= C. W. Blubberhouse =

Fictional poet and author

Chapman Winston Blubberhouse is a fictional poet and author, created by R. B. Russell and Mark Valentine in 1993. In 1993, Russell published a Brief Biography of Blubberhouse which was privately circulated, and thereafter letters started to appear under the name of C. W. Blubberhouse in the pages of The Independent, Daily Mail, The Stage, and Time Out, among other national UK newspapers and magazines. Blubberhouse was also listed in an Oxford college yearbook and appeared in a literary guide.

In 1994, The Sunday Times attacked the Times Literary Supplement for publishing a letter from Blubberhouse, and sent a reporter to the correspondent's address to investigate. They claimed Blubberhouse was "too good to be true", and declared him a hoax.

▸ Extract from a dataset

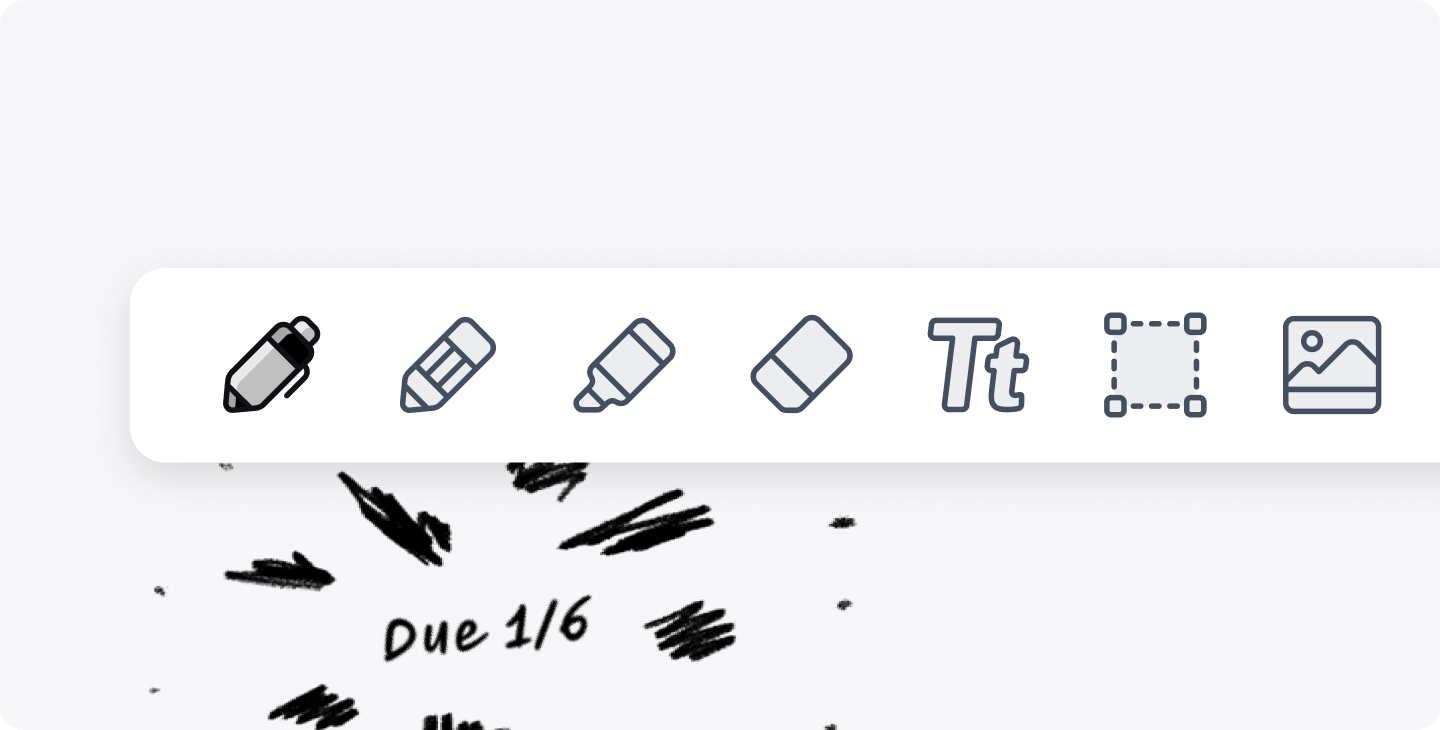 A closeup of the toolbox feature in Notability that allows users to choose between various brushes, pencils, pens, and highlighters, as well as add text or media to their note.
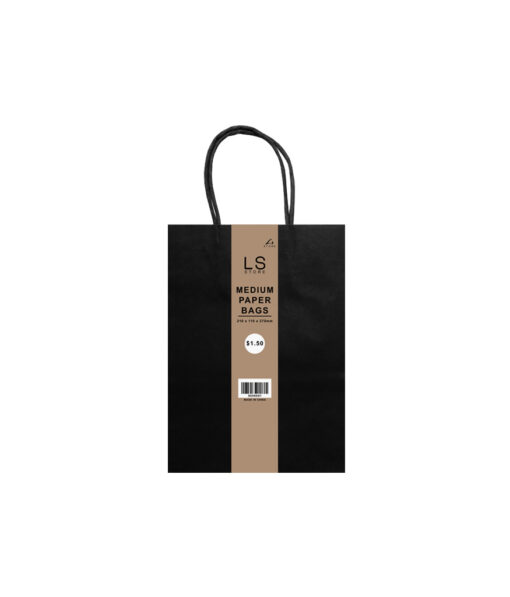 Medium paper bag with black colour coming in pack of 3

At the funeral of Oxford bookseller Rupert Cook in March, 1999, it was revealed that he had been partly responsible for the Blubberhouse letters. (It has subsequently been revealed that Roger Dobson was his co-conspirator.) Russell appeared on John Peel's Home Truths programme on Radio 4 in 2001 to tell the story. In a follow-up comment on Home Truths a correspondent used the adjective "Blubberhoused" to suggest that somebody had been hoaxed.